((

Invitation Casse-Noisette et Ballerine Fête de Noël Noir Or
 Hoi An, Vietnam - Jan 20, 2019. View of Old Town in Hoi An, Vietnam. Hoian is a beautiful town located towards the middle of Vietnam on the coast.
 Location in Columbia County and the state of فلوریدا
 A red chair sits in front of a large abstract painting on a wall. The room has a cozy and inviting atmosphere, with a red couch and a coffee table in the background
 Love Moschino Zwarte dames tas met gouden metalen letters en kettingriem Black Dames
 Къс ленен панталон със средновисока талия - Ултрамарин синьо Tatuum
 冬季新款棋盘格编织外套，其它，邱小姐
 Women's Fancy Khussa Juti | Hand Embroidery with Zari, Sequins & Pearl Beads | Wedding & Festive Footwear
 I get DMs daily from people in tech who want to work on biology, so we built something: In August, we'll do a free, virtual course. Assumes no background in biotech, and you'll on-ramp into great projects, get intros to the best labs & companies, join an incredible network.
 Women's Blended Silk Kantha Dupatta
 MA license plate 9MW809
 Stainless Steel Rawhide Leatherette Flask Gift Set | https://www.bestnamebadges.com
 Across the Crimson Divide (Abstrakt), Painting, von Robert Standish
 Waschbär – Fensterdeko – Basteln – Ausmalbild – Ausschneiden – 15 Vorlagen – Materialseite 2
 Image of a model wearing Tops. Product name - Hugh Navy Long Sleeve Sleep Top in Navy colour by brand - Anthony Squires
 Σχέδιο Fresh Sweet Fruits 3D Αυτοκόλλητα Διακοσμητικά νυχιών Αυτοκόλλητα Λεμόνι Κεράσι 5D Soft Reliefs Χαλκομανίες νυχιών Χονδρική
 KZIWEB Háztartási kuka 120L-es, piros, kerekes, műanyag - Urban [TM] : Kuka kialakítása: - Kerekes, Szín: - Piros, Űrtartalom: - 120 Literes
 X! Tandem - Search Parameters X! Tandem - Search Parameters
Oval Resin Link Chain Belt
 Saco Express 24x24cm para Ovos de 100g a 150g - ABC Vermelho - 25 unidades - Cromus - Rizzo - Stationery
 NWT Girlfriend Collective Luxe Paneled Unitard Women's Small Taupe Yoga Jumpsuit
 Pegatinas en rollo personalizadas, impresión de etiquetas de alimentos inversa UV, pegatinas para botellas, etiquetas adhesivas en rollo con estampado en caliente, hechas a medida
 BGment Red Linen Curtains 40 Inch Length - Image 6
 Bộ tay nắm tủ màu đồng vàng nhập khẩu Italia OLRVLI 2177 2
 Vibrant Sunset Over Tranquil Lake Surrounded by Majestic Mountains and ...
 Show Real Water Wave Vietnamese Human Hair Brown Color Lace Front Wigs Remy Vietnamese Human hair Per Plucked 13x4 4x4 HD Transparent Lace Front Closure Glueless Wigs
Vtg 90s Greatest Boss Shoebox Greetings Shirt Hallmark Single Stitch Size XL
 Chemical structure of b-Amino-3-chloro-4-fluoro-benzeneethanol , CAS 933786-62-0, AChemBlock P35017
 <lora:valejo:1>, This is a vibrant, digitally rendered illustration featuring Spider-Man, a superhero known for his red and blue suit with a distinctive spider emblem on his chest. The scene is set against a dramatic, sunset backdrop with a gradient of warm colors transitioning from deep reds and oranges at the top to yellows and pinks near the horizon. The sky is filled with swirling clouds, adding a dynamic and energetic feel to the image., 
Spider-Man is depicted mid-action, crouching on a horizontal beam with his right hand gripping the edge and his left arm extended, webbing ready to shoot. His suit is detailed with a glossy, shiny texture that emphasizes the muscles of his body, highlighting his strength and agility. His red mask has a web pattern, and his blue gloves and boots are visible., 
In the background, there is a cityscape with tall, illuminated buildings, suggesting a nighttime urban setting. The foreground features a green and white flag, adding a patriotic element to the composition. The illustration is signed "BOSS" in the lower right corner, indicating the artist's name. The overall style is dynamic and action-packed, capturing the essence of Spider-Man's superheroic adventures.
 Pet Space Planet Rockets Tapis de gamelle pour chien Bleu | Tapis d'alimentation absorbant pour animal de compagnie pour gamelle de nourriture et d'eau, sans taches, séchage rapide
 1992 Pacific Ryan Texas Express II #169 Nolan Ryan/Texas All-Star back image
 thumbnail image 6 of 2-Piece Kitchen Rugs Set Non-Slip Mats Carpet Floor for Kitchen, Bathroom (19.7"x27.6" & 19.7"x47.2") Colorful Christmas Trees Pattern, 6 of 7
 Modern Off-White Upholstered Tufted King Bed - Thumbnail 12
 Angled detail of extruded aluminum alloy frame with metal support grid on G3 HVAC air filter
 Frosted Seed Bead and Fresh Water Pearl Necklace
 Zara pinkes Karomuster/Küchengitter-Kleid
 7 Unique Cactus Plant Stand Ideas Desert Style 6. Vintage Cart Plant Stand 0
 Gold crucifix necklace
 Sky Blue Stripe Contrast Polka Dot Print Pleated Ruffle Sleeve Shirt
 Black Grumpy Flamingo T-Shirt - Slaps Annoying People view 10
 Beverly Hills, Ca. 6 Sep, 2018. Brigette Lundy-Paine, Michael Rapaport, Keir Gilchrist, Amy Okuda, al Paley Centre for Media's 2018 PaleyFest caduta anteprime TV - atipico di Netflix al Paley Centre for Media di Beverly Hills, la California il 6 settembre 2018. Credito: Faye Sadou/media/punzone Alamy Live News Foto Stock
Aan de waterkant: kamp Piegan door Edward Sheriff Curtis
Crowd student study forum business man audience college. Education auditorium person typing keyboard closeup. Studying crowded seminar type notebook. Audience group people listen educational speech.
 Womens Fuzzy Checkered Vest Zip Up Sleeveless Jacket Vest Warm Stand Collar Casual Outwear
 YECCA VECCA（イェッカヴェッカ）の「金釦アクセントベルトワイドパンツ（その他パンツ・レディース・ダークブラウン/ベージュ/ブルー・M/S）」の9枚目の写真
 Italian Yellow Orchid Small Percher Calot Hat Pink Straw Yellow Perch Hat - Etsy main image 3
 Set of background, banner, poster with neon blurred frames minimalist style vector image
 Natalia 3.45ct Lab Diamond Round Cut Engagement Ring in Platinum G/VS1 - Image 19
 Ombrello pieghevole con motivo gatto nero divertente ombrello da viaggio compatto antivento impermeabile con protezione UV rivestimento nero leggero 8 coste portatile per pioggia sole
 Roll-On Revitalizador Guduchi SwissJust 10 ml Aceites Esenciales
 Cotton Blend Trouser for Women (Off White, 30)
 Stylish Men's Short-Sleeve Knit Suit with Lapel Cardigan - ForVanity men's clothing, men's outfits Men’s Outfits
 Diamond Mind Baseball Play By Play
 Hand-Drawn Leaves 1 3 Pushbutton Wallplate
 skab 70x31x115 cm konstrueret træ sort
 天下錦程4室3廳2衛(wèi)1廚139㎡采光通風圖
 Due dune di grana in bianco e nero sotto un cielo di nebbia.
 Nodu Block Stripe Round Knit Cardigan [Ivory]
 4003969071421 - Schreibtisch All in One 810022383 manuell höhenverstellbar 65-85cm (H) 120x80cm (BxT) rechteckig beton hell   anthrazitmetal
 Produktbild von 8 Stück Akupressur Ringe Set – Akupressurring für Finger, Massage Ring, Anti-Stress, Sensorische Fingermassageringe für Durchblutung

))

#### Task goal
Identify each line in the entries with the word "Black" and copy it.

#### Written reply
 Love Moschino Zwarte dames tas met gouden metalen letters en kettingriem Black Dames
 Black Grumpy Flamingo T-Shirt - Slaps Annoying People view 10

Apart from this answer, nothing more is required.